The two 128-bit FMAC units can work independently if the Module is porcessing two
threads that require 128-bit precision, or can be ganged if a 256-bit fp precision
threads comes along
The only time two threads within a Bulldozer Module could clash, we were told, was if each required 256-bit floating point precision, for example if both threads used the new 256-bit AVX capabilities of the CPU. This is because the floating point unit – as previously alluded to – is shared and comprises two 128-bit fp units which can be ganged to produce a single 256-bit unit. However, it’s very unlikely that we’ll see many 256-bit fp threads any time soon as the standard is new and will take time to adopt. Seite also pointed out that ideally the OS (or the complier, potentially) should be aware of the capabilities of the Module and assign the second 256-bit thread to another Module, perferrably one not running any hardcore fp work.
This ties in with AMD’s mantra that Bulldozer is a forward-looking architecture. It’s working with Microsoft at the moment to improve thread scheduling with Bulldozer CPUs in Windows 8 for a 2-10 per cent performance boost. It gave the following example:
The Module front-end has seen big improvements over previous AMD CPU front-end units
Given all this, we’ll relax our attitude toward Bulldozer’s core count and agree with AMD that it’s an 8-core CPU. Alas, the ability to disable individual cores within a Module is absent from current BIOSes, so there’s no definitive way to test some of the claims AMD makes, but we’re humble enough to admit we were too sceptical when we first heard the term.
Keen-eyed readers will also notice that there are four integer pipelines within each Bulldozer core, a significant move from AMD as it allows greater parallelism when dealing with tasks.
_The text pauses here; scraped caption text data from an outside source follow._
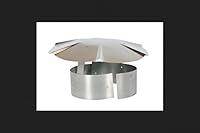 Algopix Similar Product 20 - Imperial Manufacturing Galvanized Steel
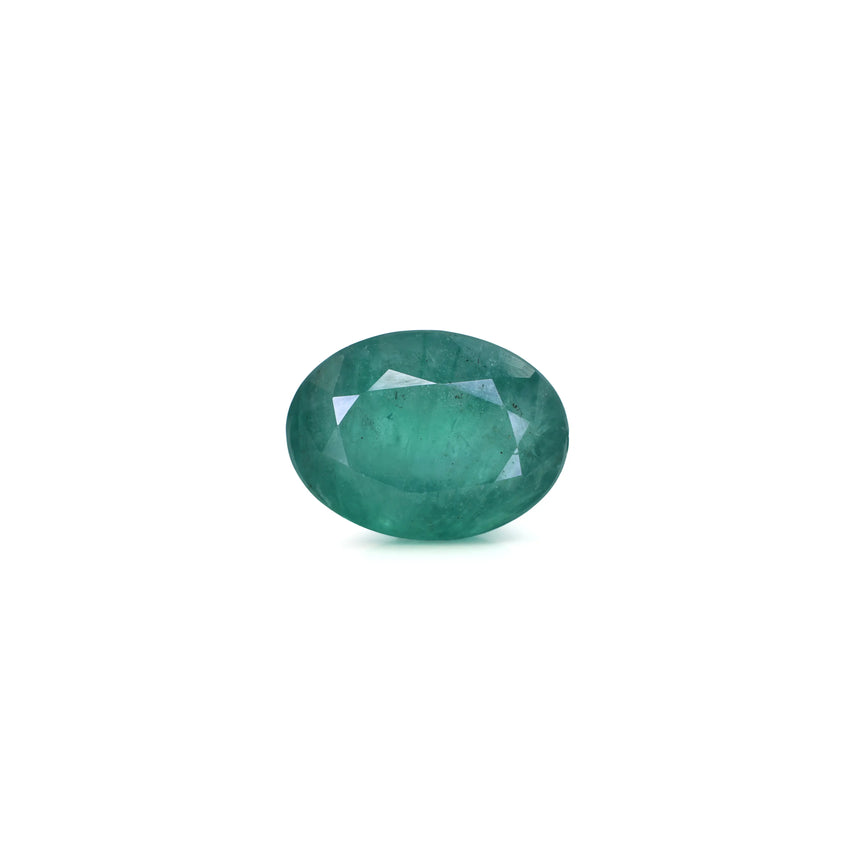 Zambian Emerald (Panna) - 8.35 Carat - Pramogh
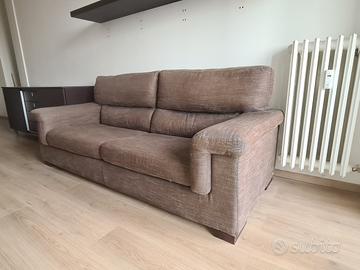 divano letto Poltrone Sofà 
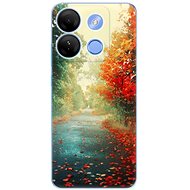 iSaprio Autumn 03 - Infinix Smart 7 - Phone Cover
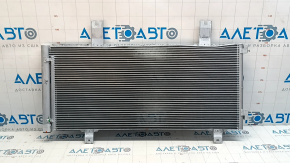 Air conditioning radiator condenser Honda Accord 18-22 2.0 hybrid, dented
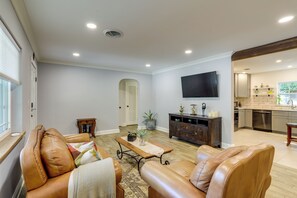 Maison (3 Bedrooms) | Intérieur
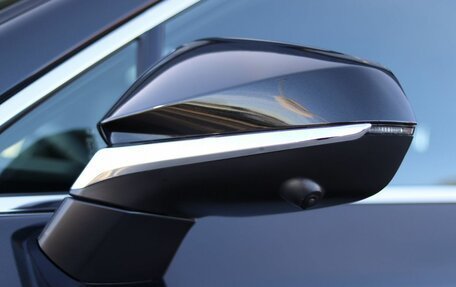Lexus RX IV рестайлинг, 2026 год, 8 350 000 рублей, 17 фотография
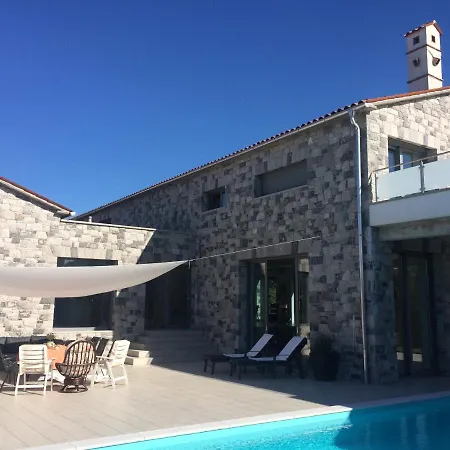 Lavanda In Kriz With Private Swimpool Holiday home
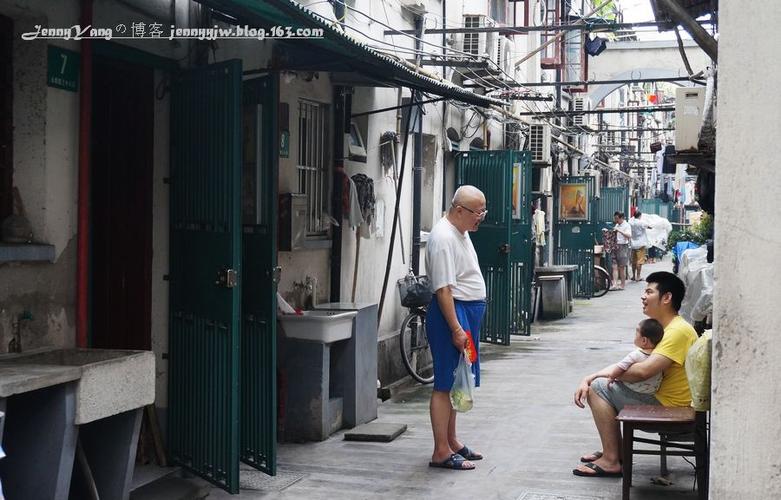 【逛上海】双面小街"永康路"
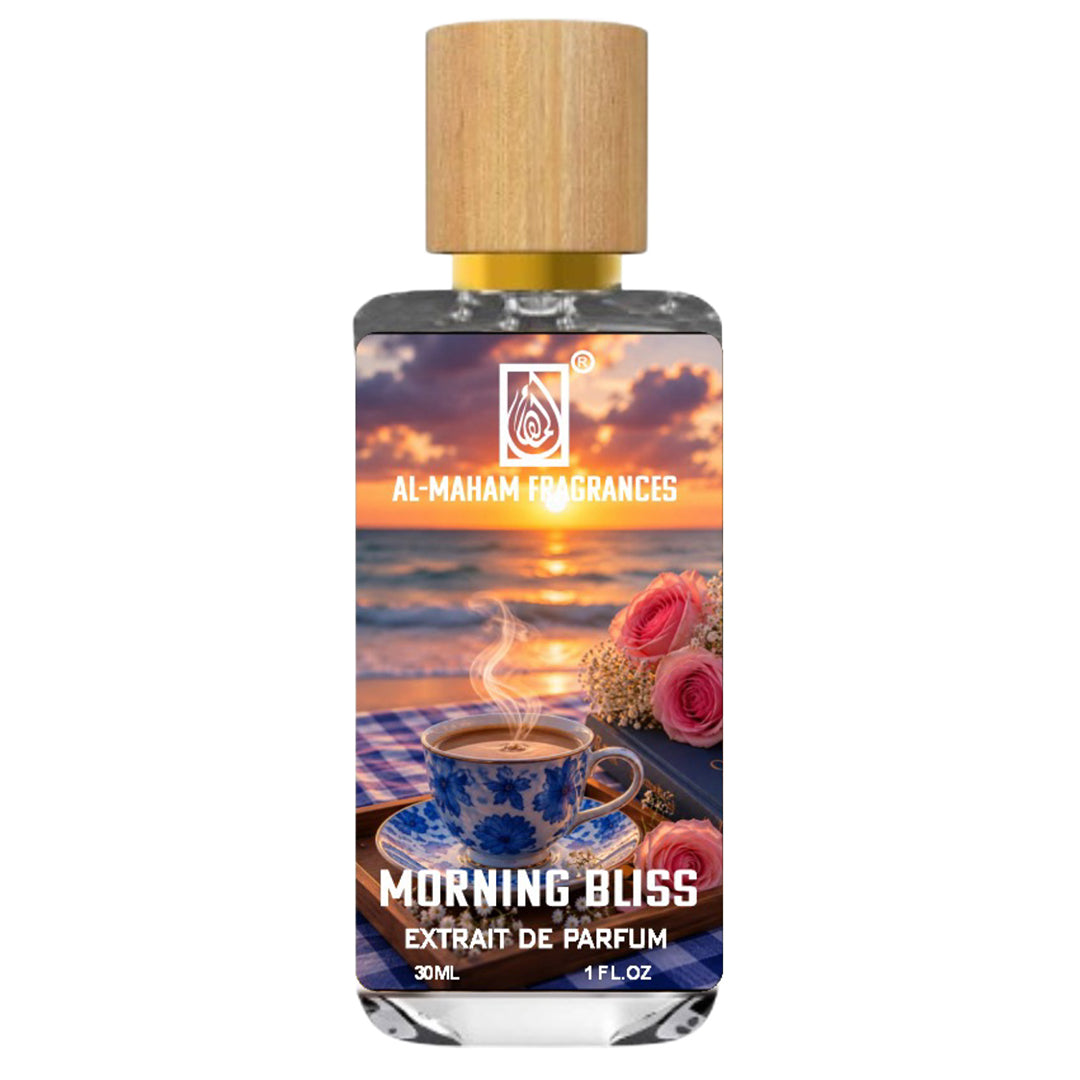 MORNING BLISS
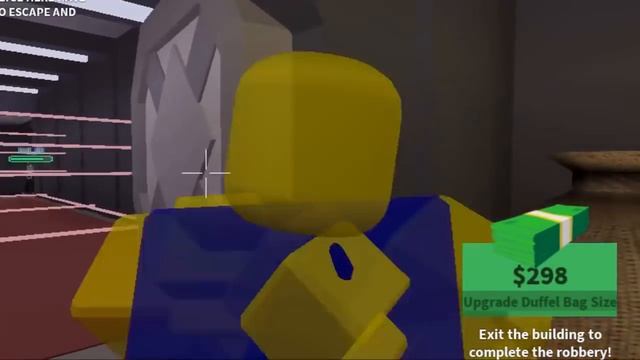 Roblox Jailbreak Noob song | Roblox Music смотреть онлайн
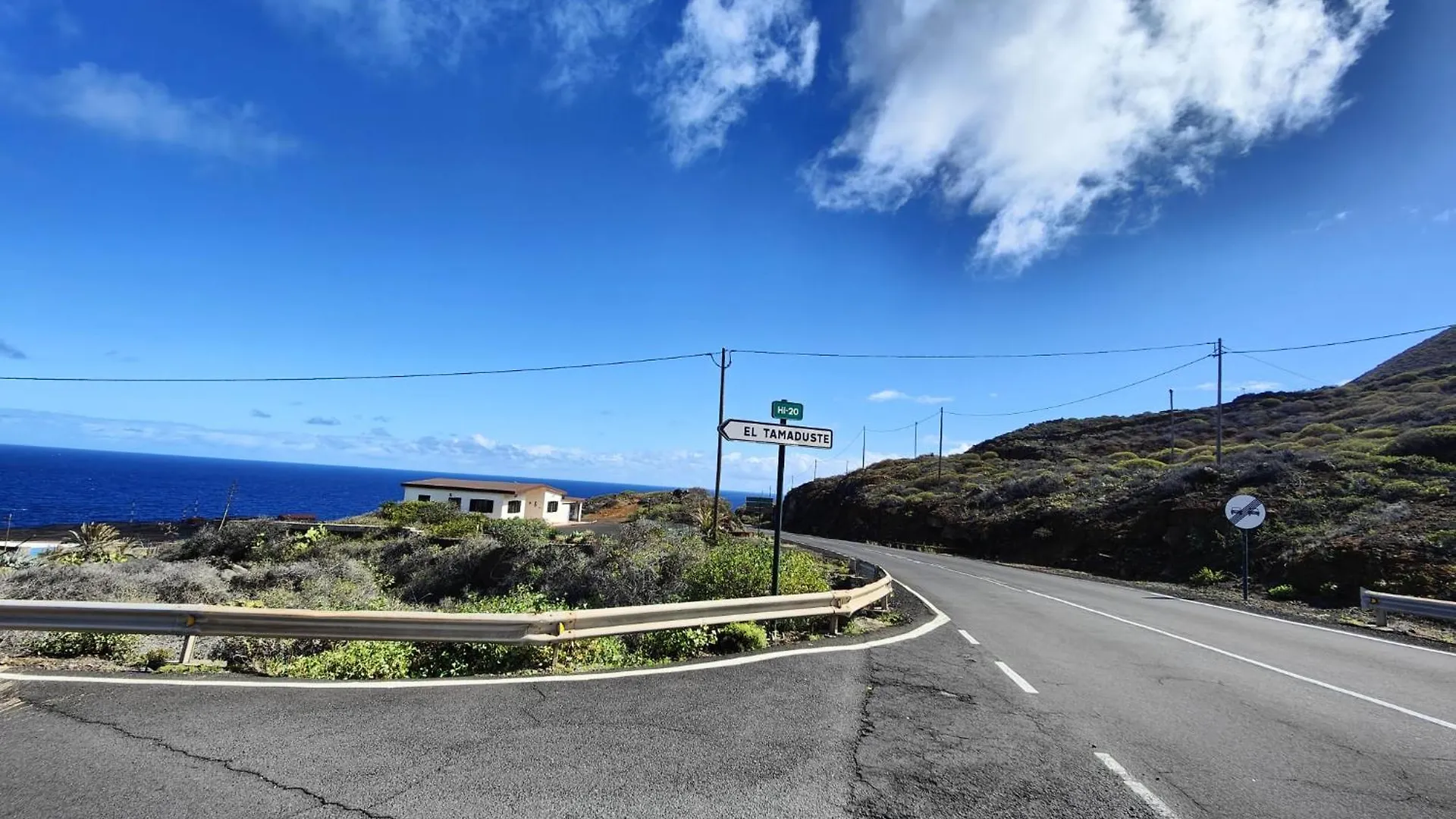 Casa Quili Villa La Caleta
It’s a move Intel made with its Conroe design in July 2006 to much success. Going four pipes wide should give Bulldozer CPUs some much-needed IPC grunt.
AMD has also caught up with Intel’s support of AESNI encryption, SSE 4.1 and 4.2 instruction sets, while also adding new instructions in the form of FMA4 and XOP. These are useful for high-performance computing (HPC) in the case of FMA4 and ‘numeric applications, multimedia applications and algorithms used for audio/radio’ in the case of the latter. Software will need to be compiled using a compiler that’s aware of these extensions, with AMD citing the open source Open64 v220.127.116.11 compiler as an example.
AMD also added that, ‘the AMD FX processor, with its radical new design, represents a new way of processing that can be limited in previously compiled applications and OSes. It is important to optimise data loads into the processor and this requires an update to the compilers generating code for the processor and an update to the Operating System Scheduler.’ It also said that Microsoft Visual Studio 2010 SP1 supports XOP, FMA4 and SSE 4.x – it’s a popular development environment, so perhaps we won’t have to wait too long before seeing applications that use the extra extensions and instruction sets in Bulldozer CPUs.